От поста Славянского Кубань начинает уставать под своей водной ношей и слегчает ее в боковые каналы; но горы насылают ей новые избытки, и она, не зная куда с ними деваться, бросает их поудолам прибрежья. Кордонные укрепления отодвигаются к гребню старого берега, избегая наводнений и ища корму для коня, «пайщика службы щарския», терпеливого товарища еще более терпеливого стража этой пустыни. Остатки разливов по набережью то расплываются в широкие плеса, то смежаются в «урмы» — узкие, беспорядочные течения. Их задвигают «плавы», то есть плавающие островки, от которых и местность получила свое название. Плавы составляются из корней болотных растений и наносного илу. По этому основанию бывают они покрыты землей, из которой вырастают травы и цветы. Эти подвижные торфяники напоминают описание цветников и огородов, которыми покрыты озера около Мексики; но там творит искусство, а здесь колобродит природа, покинутая разумной помощью человека.

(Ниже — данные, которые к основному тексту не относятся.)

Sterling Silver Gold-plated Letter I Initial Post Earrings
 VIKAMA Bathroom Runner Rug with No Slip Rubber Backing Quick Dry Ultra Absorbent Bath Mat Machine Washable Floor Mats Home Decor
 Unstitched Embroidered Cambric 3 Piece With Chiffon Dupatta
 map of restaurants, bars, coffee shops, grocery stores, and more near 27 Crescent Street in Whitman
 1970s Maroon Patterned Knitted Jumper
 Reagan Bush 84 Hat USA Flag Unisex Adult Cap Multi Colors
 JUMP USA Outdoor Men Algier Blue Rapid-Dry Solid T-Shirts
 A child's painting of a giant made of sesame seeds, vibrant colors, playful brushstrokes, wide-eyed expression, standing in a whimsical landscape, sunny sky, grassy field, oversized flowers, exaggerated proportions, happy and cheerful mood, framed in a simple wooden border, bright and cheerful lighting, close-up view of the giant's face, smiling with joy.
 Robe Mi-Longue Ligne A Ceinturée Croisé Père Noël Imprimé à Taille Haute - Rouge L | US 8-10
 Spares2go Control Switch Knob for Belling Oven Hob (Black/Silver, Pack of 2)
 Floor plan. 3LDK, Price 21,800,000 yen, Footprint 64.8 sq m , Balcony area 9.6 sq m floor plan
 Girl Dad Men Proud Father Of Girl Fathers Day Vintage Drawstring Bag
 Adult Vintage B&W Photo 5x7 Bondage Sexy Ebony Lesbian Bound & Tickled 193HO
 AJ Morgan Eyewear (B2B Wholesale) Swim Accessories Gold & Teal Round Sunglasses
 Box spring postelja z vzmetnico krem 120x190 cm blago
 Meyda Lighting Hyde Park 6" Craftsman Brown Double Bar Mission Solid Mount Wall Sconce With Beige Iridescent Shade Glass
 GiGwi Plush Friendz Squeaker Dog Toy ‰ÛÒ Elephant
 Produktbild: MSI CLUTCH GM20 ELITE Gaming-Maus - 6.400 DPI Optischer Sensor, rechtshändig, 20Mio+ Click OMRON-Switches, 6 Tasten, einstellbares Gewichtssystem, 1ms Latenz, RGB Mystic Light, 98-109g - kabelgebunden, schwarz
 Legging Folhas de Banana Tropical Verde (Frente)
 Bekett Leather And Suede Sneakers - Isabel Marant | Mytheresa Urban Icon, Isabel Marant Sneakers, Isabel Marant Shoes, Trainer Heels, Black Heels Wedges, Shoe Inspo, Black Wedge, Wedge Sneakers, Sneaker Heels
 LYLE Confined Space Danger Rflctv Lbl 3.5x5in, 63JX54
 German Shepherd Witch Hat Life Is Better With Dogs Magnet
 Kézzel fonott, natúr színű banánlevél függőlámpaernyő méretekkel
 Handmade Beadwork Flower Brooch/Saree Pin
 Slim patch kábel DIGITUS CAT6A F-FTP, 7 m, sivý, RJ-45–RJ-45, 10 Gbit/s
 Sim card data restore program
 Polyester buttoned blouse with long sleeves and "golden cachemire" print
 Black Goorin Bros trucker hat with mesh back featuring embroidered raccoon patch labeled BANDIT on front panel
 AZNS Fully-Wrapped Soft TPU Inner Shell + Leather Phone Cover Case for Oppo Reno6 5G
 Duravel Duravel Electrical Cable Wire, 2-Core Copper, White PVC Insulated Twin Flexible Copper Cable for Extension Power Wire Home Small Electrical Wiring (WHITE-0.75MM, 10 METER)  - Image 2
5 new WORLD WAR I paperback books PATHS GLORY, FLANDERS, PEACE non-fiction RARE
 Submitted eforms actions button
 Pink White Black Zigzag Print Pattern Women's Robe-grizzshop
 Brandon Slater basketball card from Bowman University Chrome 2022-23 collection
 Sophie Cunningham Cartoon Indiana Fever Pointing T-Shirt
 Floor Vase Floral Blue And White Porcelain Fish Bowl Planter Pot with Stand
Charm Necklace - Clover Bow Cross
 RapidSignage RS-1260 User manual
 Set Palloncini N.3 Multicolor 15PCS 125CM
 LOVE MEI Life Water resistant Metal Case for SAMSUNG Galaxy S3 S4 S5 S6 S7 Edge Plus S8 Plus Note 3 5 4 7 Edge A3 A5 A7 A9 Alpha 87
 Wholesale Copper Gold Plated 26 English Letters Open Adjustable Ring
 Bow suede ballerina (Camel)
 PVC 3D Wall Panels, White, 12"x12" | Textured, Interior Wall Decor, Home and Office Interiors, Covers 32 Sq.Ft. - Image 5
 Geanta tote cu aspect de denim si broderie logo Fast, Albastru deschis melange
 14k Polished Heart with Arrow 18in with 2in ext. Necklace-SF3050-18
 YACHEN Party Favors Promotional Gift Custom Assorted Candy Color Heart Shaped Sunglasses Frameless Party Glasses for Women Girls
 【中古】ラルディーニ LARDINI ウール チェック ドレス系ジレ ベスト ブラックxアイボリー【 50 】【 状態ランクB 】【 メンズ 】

Подаваясь вниз по течению Кубани, к Ахданизовскому лиману, вы погружаетесь в самую глубину плавней и находитесь в участке линии, самом неудобном для обеспечения от опасности. Напрасно взор ваш, измученный мрачным однообразием узкой дорожной просеки, ищет простора или предмета, на котором мог бы отрадно остановиться и отдохнуть. Дремучий, безвыходный камыш! При ином повороте лениво подползет к дороге узкий ерик, дремлющий в своем заглохшем ложе, под одеялом из широких листьев водяного лопушника, водяной лилии и фиалки, — либо протянет к вашему стремени свои усохшие, искривленные ветви чахлая ветла, словно увечный, покинутый товарищами путник. Молит он проезжего о помощи, а проезжий… как бы только самому скорее проехать. Где мелькнет дикая коза и перебежит фазан, где-где покажется высокая пика разъездного казака, молчаливого, бесстрастного и угрюмого, как окружающая его местность. Глушь и оцепенение кругом. Только невнятный шепот камышей, слегка машущих своими салтанами; только однозвучное жужжание кружащих над вашей головой насекомых, да при объезде какого-нибудь лимана кваканье целых сонмов лягушек, — базарная болтовня, вздорная, удручающая ухо и внимание. То вам слышится в ней бесконечный шум шибко работающего мельничного жернова, то неровный треск раздираемой ветоши… Там долетит до ваших ушей какой-то задушенный вой, быть может, волчий, а там резкий, тоскливый писк ждущих корму птенцов хищной ПТИЦЫ. И это вздрагивание и этот бред погруженной в горячечный сон природы отдается в вашем чувстве самосохранения заветным напоминанием отшельника: «memento mori!» Покинутое внешними впечатлениями воображение разыгрывается, наполняется мрачными представлениями опасности близкой, готовой вспорхнуть из-под копыт коня. Зловещее предчувствие неравного боя, внезапного плена и лишения всех прав гражданской личности — неволи в горах, налегает свинцом на душу. Завидев прежде вас обгорелый пень, чуткий конь поднимает голову, храпит и робко путает свои шаги. И вот где-то близко затрещал тростник, может быть, под клыком кабана, может быть, под чевяком психадзе. Всадник вздрагивает и торопливо заносит руку на приклад ружья. Чу — раздался выстрел и в медленных перекатах замер где-то в бездонной глубине, в бесконечной дали. И стая лебедей тяжело поднялась над лиманом, и стадо кабанов шарахнуло в камышах с треском и гуденьем. И всадник едва может сдержать сполохнувшегося коня.